◆ Extracted records
····················
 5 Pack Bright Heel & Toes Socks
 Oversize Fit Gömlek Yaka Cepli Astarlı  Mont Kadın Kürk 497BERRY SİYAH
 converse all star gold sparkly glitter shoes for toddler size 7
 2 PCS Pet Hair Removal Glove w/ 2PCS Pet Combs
····················
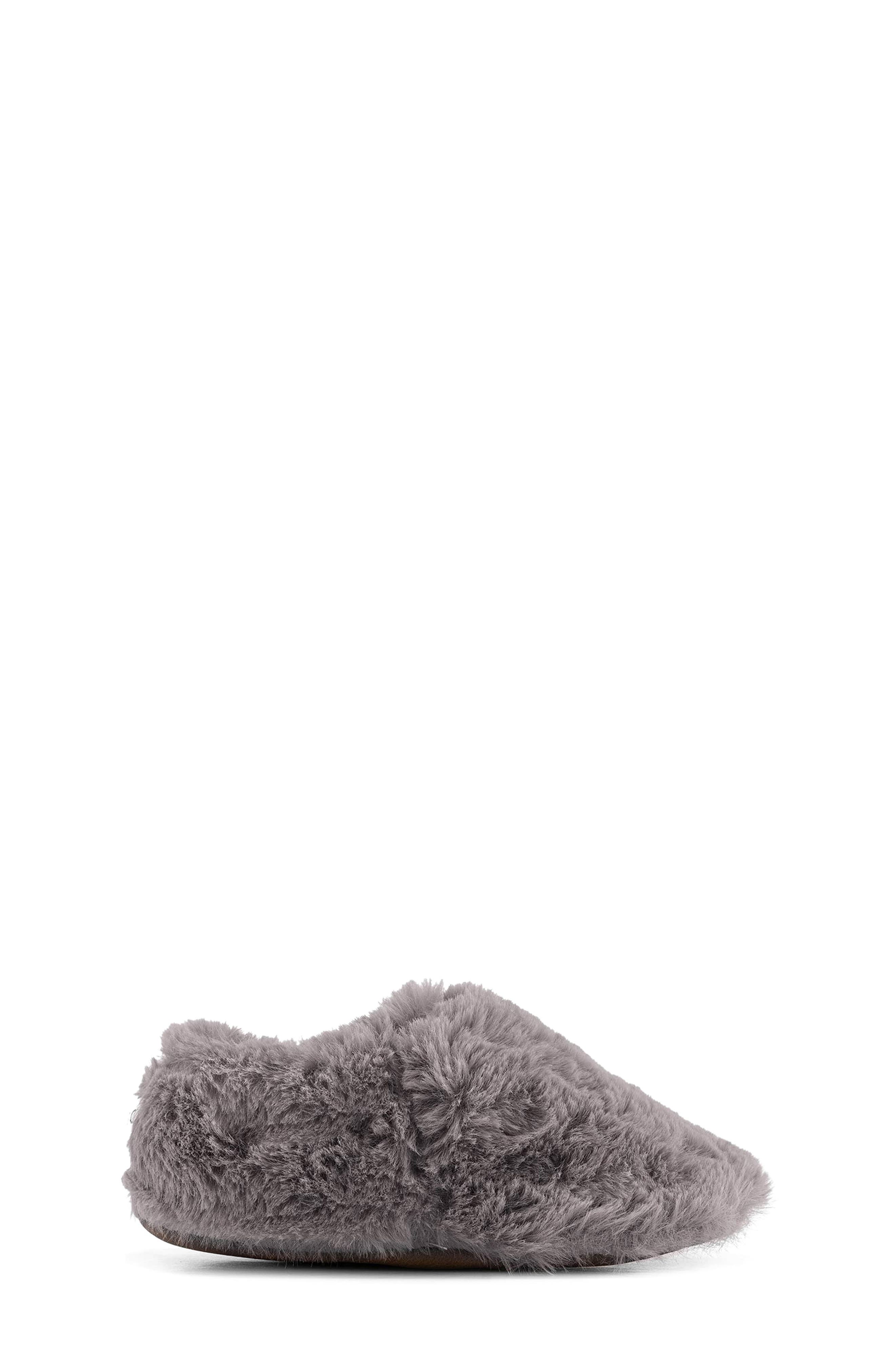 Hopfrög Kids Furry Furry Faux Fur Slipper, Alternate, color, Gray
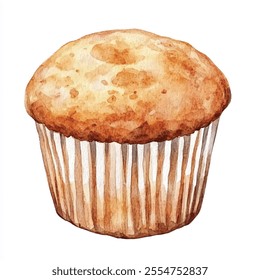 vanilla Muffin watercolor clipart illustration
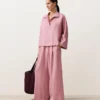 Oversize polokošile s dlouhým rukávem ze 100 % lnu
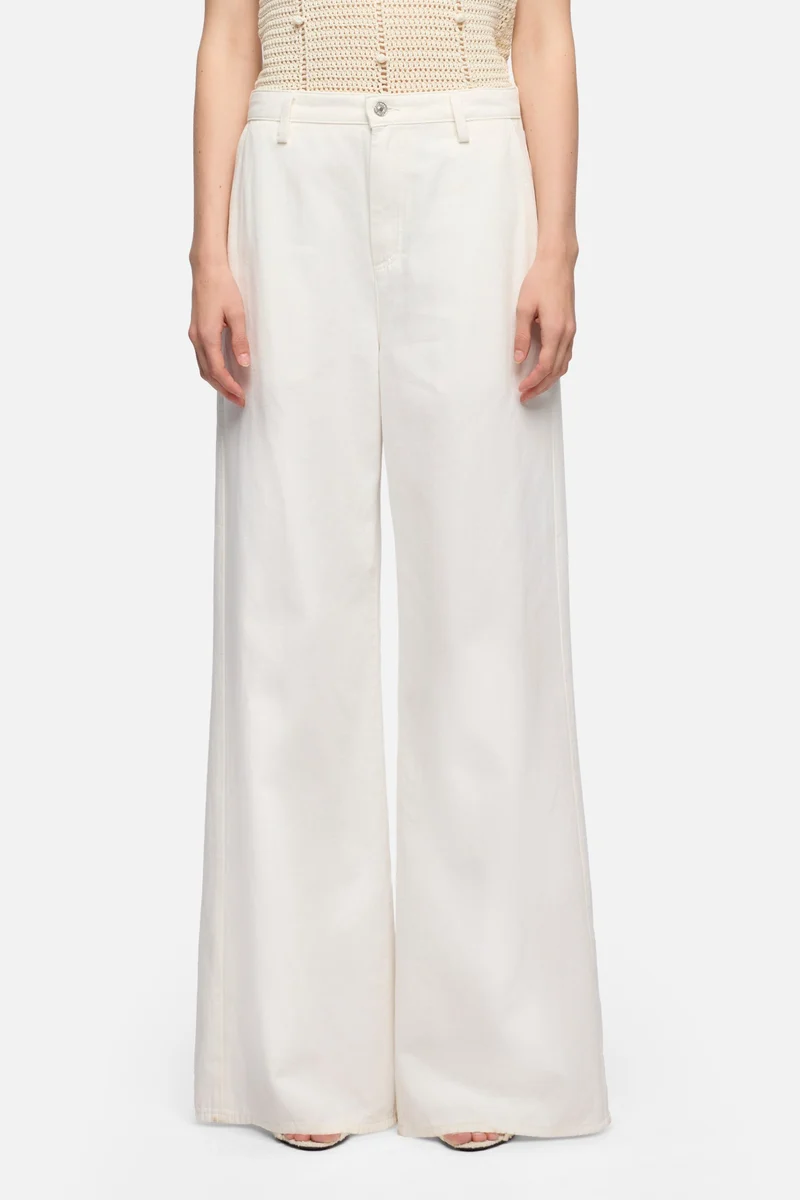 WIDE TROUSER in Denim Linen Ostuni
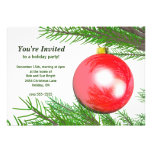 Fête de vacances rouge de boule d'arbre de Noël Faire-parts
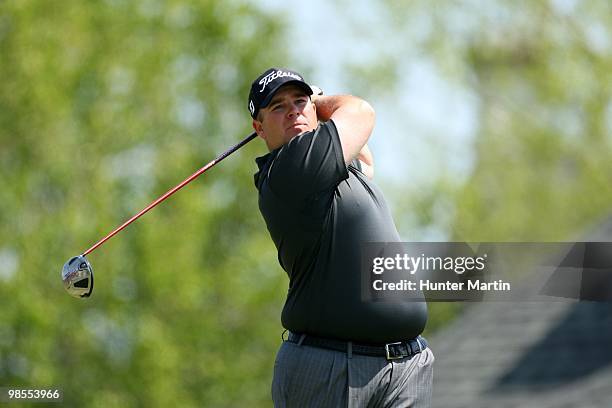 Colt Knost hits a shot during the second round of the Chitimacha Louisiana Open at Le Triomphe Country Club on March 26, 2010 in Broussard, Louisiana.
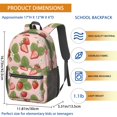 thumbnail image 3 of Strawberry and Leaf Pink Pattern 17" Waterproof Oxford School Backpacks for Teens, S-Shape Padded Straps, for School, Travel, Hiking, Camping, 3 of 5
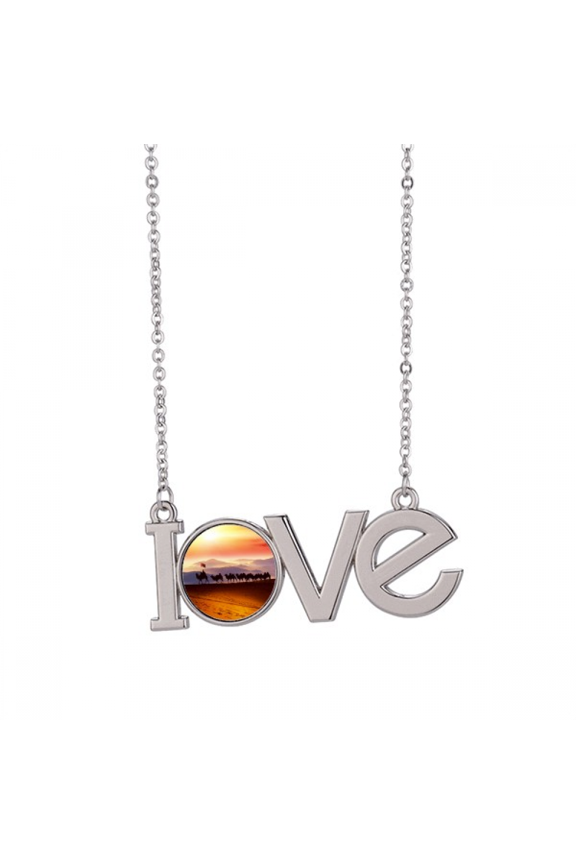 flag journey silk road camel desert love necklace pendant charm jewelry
····················
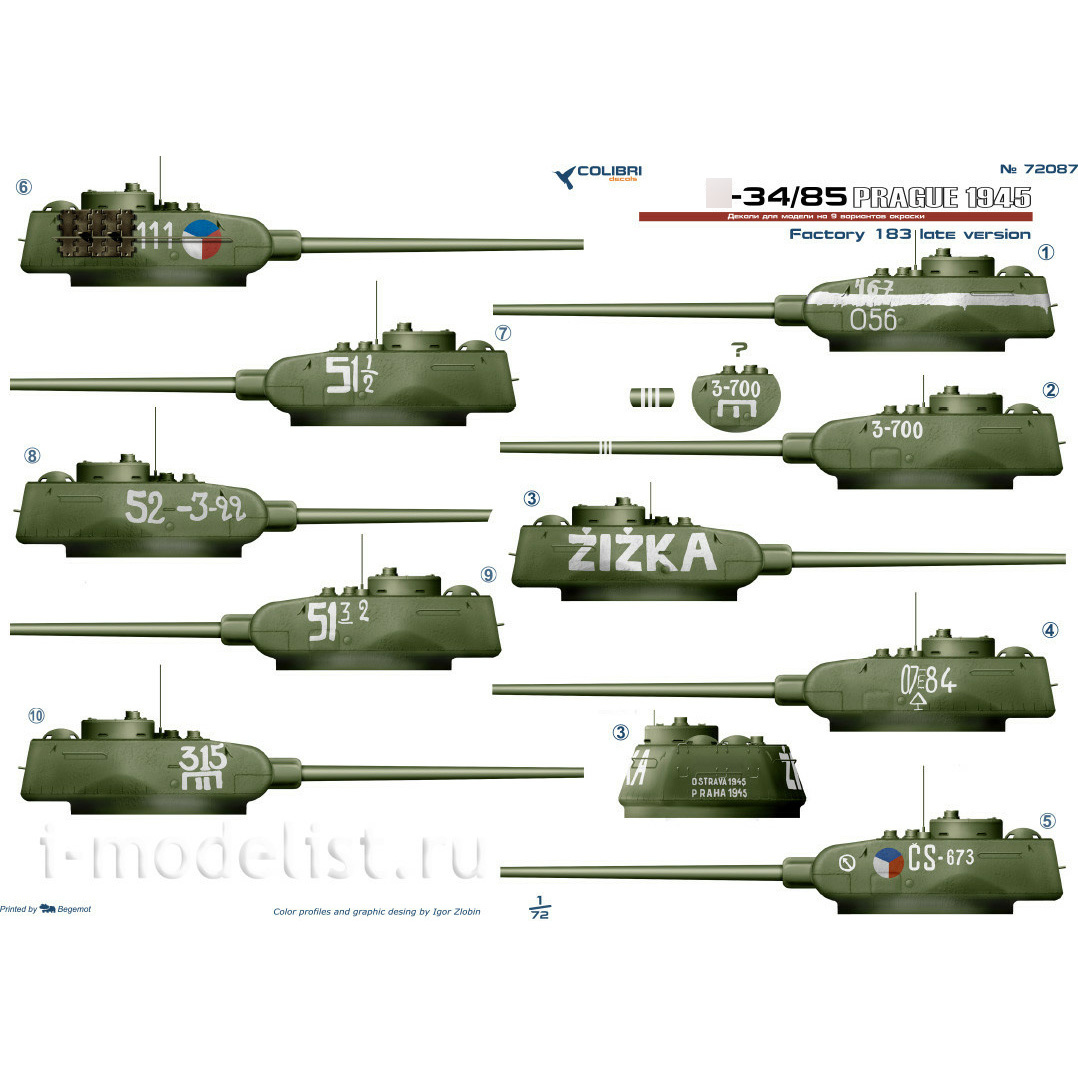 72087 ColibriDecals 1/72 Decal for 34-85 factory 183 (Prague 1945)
····················
◆ Problem details
Take the lines above starting at the one containing "Colt Knost hits" and ending at the one containing "flag journey silk", and print them again exactly, without pictures.

◆ Written answer
 Colt Knost hits a shot during the second round of the Chitimacha Louisiana Open at Le Triomphe Country Club on March 26, 2010 in Broussard, Louisiana.
 thumbnail image 3 of Strawberry and Leaf Pink Pattern 17" Waterproof Oxford School Backpacks for Teens, S-Shape Padded Straps, for School, Travel, Hiking, Camping, 3 of 5
 flag journey silk road camel desert love necklace pendant charm jewelry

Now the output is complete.